- The Truth About Jane
- Written by: Lee Rose
- Directed by: Lee Rose
- Starring: Ellen Muth; Stockard Channing; Kelly Rowan;
- Music by: Terence Blanchard
- Original language: English

Production
- Producer: Orly Adelson
- Cinematography: Eric Van Haren Noman
- Editor: Peter V. White
- Running time: 87 minutes
- Production companies: Orly Adelson Productions Hearst Entertainment Productions

Original release
- Network: Lifetime
- Release: August 7, 2000

= The Truth About Jane =

2000 television film by Lee Rose

The Truth About Jane is a 2000 Lifetime original movie directed by Lee Rose and starring Stockard Channing, Ellen Muth, Kelly Rowan, Jenny O'Hara and RuPaul (credited as RuPaul Charles).
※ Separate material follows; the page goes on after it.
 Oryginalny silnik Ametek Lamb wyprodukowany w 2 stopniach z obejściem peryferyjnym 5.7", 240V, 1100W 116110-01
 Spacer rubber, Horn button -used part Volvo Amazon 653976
The film is about a teenage girl named Jane (Muth) who struggles with her sexuality and with her mother (Channing) who refuses to accept her. It first aired on TV on August 7, 2000. The film was nominated for several awards, including Outstanding TV Movie from GLAAD, Outstanding Performance by a Female Actor in a Television Movie or Miniseries (for Channing) from the Screen Actors Guild, and Original Long Form from the Writers Guild of America.

==Plot==
Teenage Jane is struggling with her sexuality and her friends notice her lack of interest in boys. Jane becomes friends with a new girl named Taylor. Eventually, Jane and Taylor share their first kiss. Jane wonders to herself if kissing Taylor made her gay, and the two become an official couple. After Jane and Taylor have sex for the first time, Jane tells Taylor that it was a mistake and that she's not gay. Hurt, Taylor breaks up with Jane.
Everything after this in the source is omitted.